One cannot but regret that in most parts of France to-day, the picturesque costumes of the peasants are almost a thing of the past. In out-of-the-way districts, it is true, they still linger here and there, but they have to be searched for, as a rule, to be seen.

"Ah! ces jolies costumes sont perdues," said the manageress of our hotel at Poitiers, and she assured us they were only now to be found far away in the country. However, we discovered a few examples at market time in the city. Some of the caps fit close to the head, and have a frill round the face. The opportunity for a little individuality in pattern occurs at the back, where is the fullness and body of the cap. Some again consist only of a plain fold of linen, and boast two long streamers at the back; while others have the added dignity of a high peak (as given in picture,) which always confers a certain air upon its wearer, "an air of distinguishment" which impresses itself always upon the beholder.

The long, striped, navy-blue blouses which the men affect here, reach to below the knees, and are loose and open at the neck. Over them they wear, in bad weather, the invariable loose black cape with pointed hood drawn over the head. I saw one or two blouses of soft lilac silk, fastened at the neck with quaintly shaped little silver buckles.

A French market is the purgatory of the innocent.

This was ruthlessly shewn forth on market day at Poitiers. The squealing, the clucking, the squawking are unceasing and insistent everywhere.

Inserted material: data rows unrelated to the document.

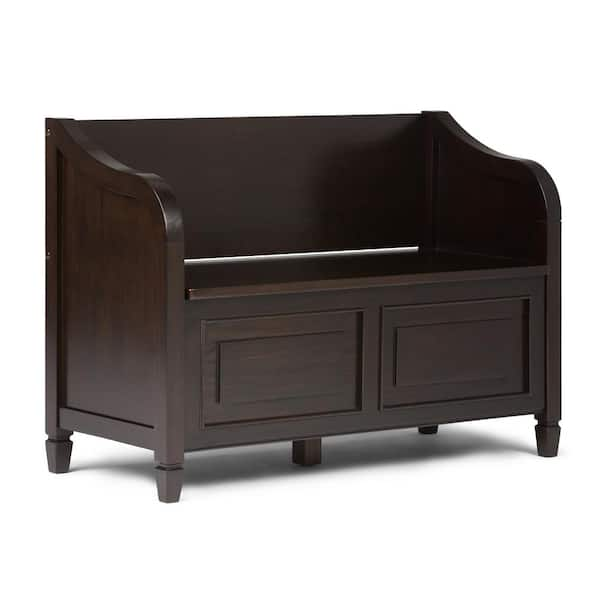 Simpli Home Dark Chestnut Brown Connaught Solid Wood 42 in. Wide Traditional Entryway Storage Bench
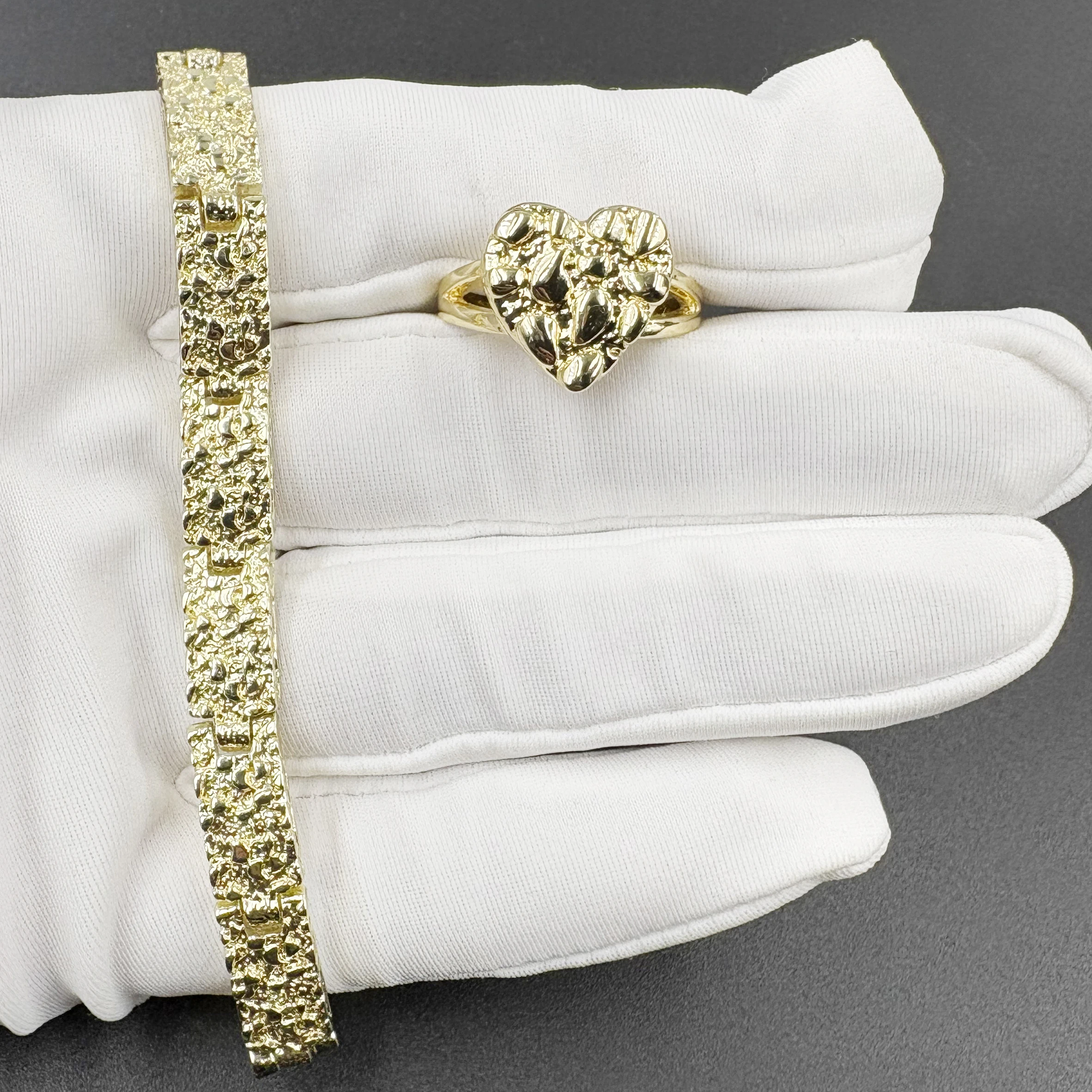 خواتم الكتلة على شكل قلب مع سوار الكتلة محكم كوكي مجموعة مجوهرات الأزياء للنساء 14 قيراط مطلية بالذهب نمط لفة الشرير #5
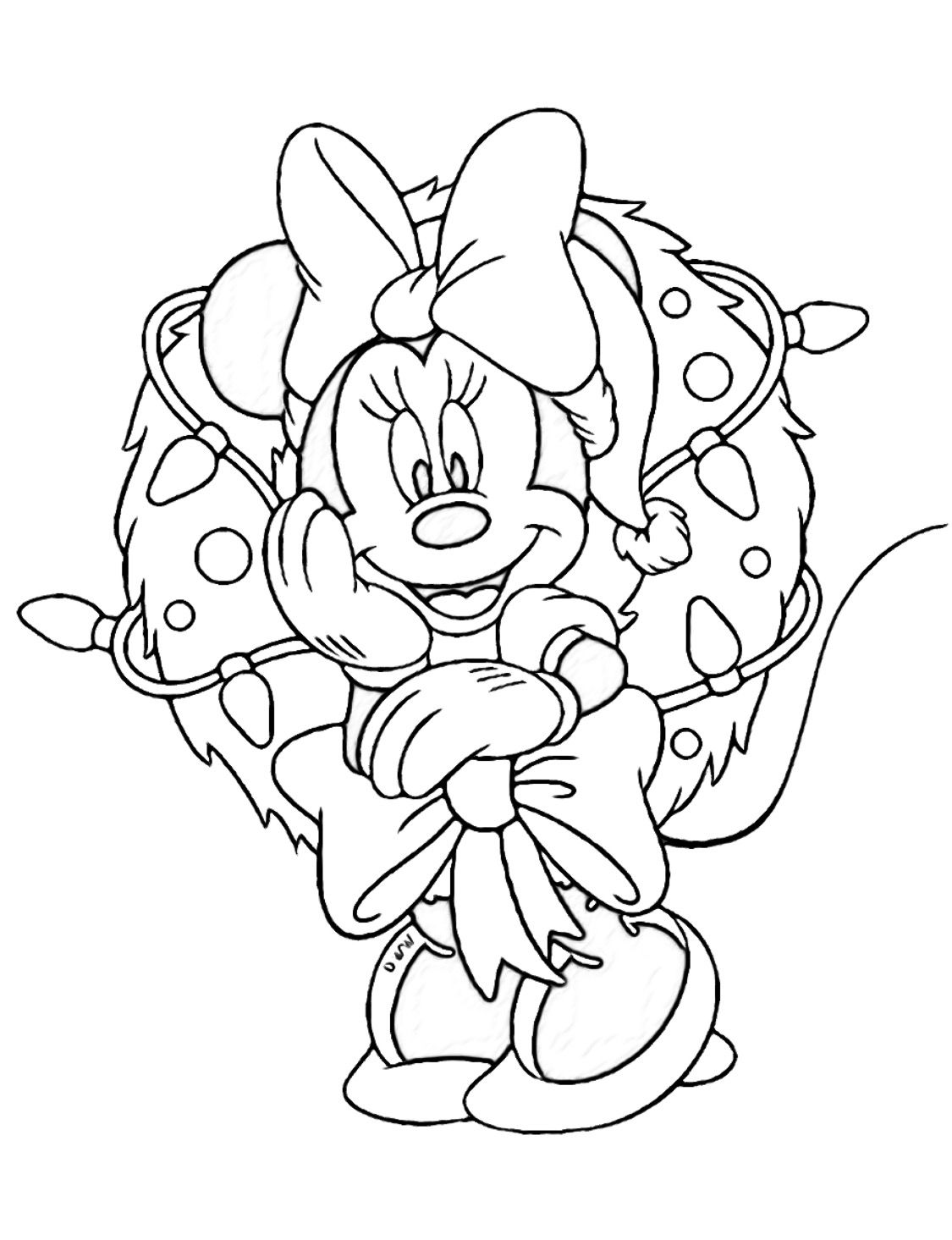 Haz clic para descargar dibujo de Minnie Navidad para colorear (fácil) y descargar PDF para colorear e imprimir gratis Minnie Navidad para colorear (fácil) y descargar PDF para colorear HD fácil y bonito - Descarga e imprime gratis - Dibujo exclusivo de Navidad
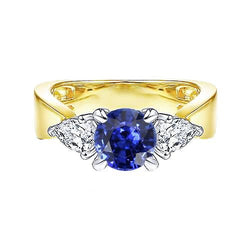 Bague poire diamant 3 pierres saphir bleu 2 carats ensembles de griffes deux tons
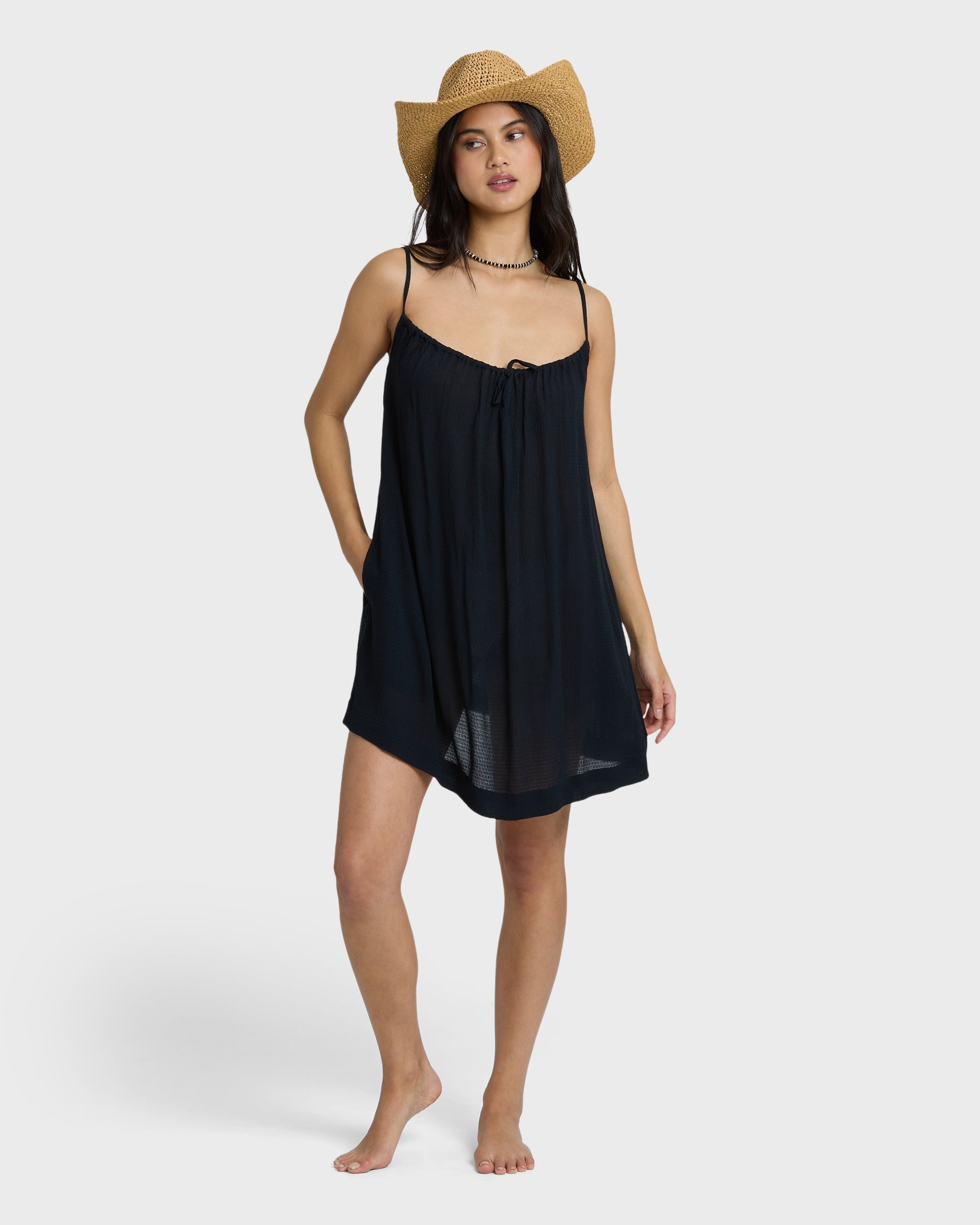 Beach Song Solid Mini Dress - Black Sands
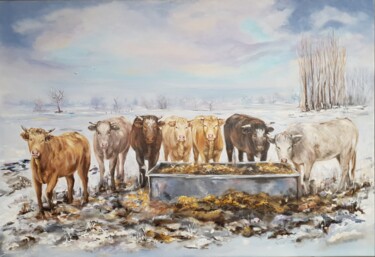 Peinture intitulée "Vaches 2" par Brigitte Nellissen (Ster), Œuvre d'art originale, Acrylique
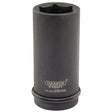 A Draper Expert Hi-Torq® 6 Point Deep Impact Socket, 29mm with a black finish, marked "CR-MO 29mm," designed for use with 3/4" square drive impact wrenches, featuring a rubber ring around the base.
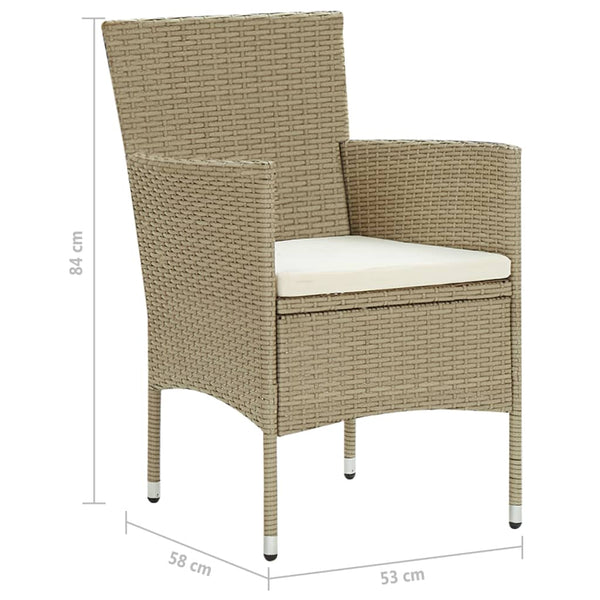 Garden 2 Pcs Poly Rattan Beige Dining Chairs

No one can fail to hear them. But it requires the quiet, observant, sympathetic eye to see the other, less evident, forms of distress. By means of this last, however, one sees the mute suffering in the eyes of the turkeys, for instance. Sometimes a turkey would be blinking hard with one eye, while the lid of the other rose miserably every now and again. While I was standing by, some passing boy, with fiendish cruelty, set his dog at a pair of turkeys lying close at his feet, helpless and terrified, their feet tied tightly together. At a little distance off I could see one of these unhappy creatures hanging head downwards, its poor limp wing being brushed roughly and jerked carelessly by all who passed that way.

Then there were the rabbits. What words could describe the excruciating panic to which they are subjected, when one remembers their timidity and nervousness in a wild state. No worse misery could be devised for them than the prodding and punching and tossing up and down which they receive on all hands as they await, amidst the babel of noise around them, their last fate. The only members of the dumb creation who seemed fairly indifferent to their surroundings, and indeed to regard them with a certain grim humour, were the ducks. Everyone is aware that there exists in France the equivalent of our Society for Prevention of Cruelty to Animals, but my experience convinced me that it is not nearly so energetic as is our own society.